Show that there exists a unique $\psi:\mathbb{R}\to\mathbb{R}$ such that $\psi^3+e^x\psi=id$ holds. Furthermore, show that $\psi\in C^1(\mathbb{R},\mathbb{R})$ and compute $\psi'(0)$.
I'm trying to apply the Banach fixed-point theorem to $C^1$ as a subspace of all functions from $\mathbb{R}$ to $\mathbb{R}$, with a suitable metric, which would give us the first part of the exercise. However, I don't know what metric to choose so that the vector space of real functions is complete with respect to this norm and $C^1$ is closed as well (which we need in order to be able to apply the fixed point theorem).
For the second part: I have tried to compute $\psi'(0)$ using the identity $\psi^3+e^x\psi=id$ but the $\psi^3$ seems to be really problematic here.

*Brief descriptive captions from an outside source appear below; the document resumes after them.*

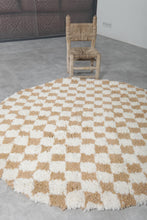 Moroccan round checkered rug - Handmade beige & white wool carpet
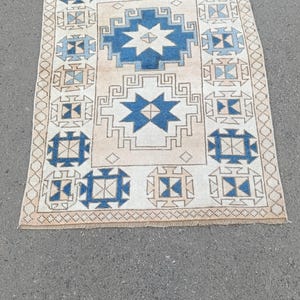 Vintage Oushak Wool Rug: Small Turkish Doormat (2.11x4.0 ft)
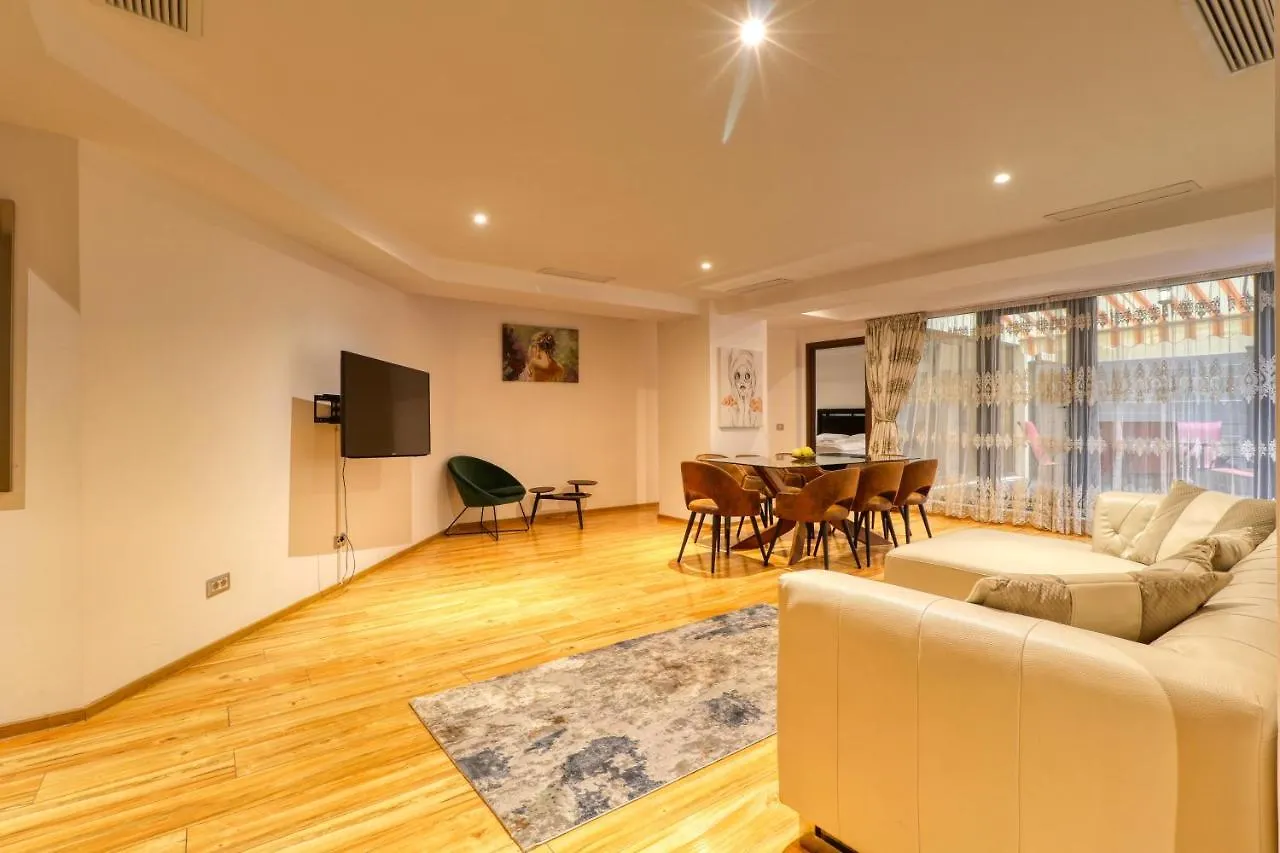 3 Bedroom Apartment In Herastrau Area Bucharest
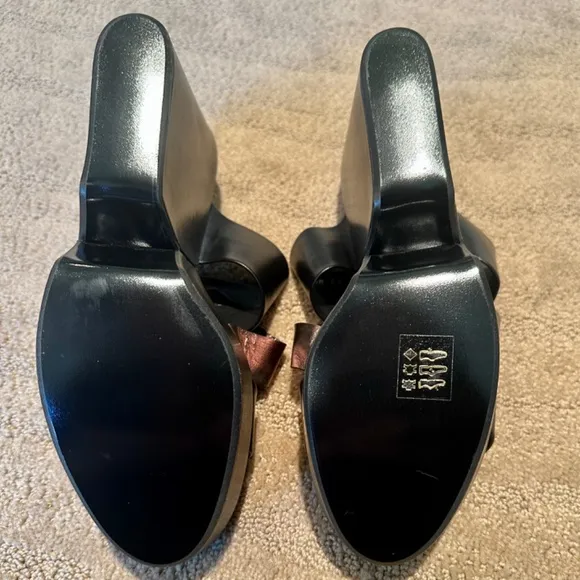 🤎Robert Clergerie Paris Black With Bronze Wedge Sandals - Size 39.5 - New🤎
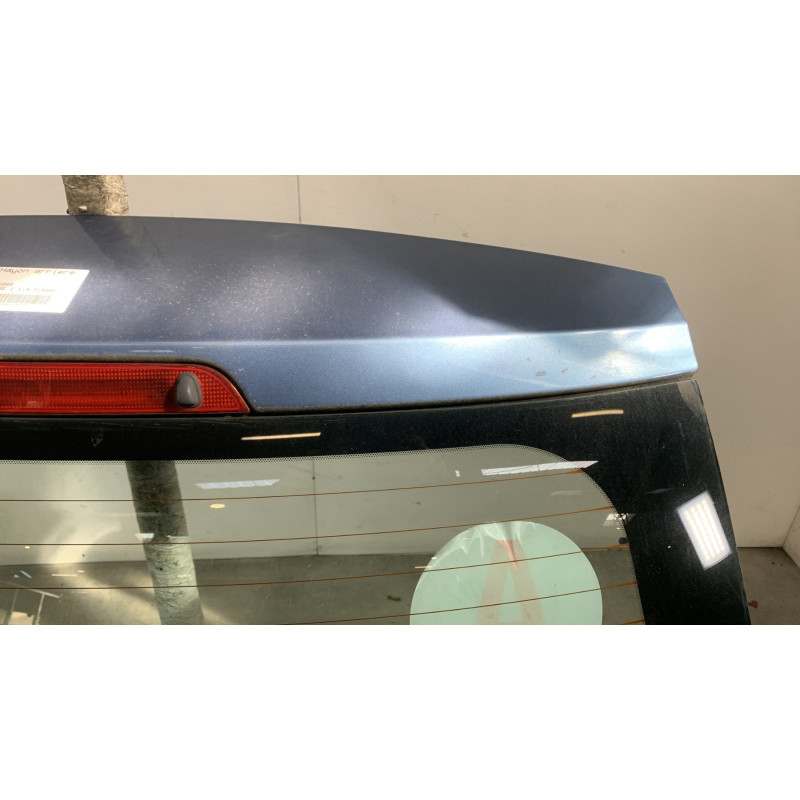 Malle/Hayon arriere FORD FIESTA 5 Photo n°5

Let $F(x, \psi)=\psi^3+e^x\psi-x$. We can calculate that $$\frac{\partial F}{\partial \psi}=3\psi^2+e^x>0$$ for each $(x, \psi)\in\mathbb{R}^2$. By implicit function theorem, the $\psi$ defined by $F(x,\psi)=0$ exists uniquely in $\mathbb{R}$ and its derivative $$\psi'=-\frac{\frac{\partial F}{\partial x}}{\frac{\partial F}{\partial \psi}}=-\frac{e^x\psi-1}{3\psi^2+e^x}$$ also exists everywhere. With $F(0, \psi(0))=\psi(0)^3+\psi(0)=0$ we get $\psi(0)=0$, and the problem is solved.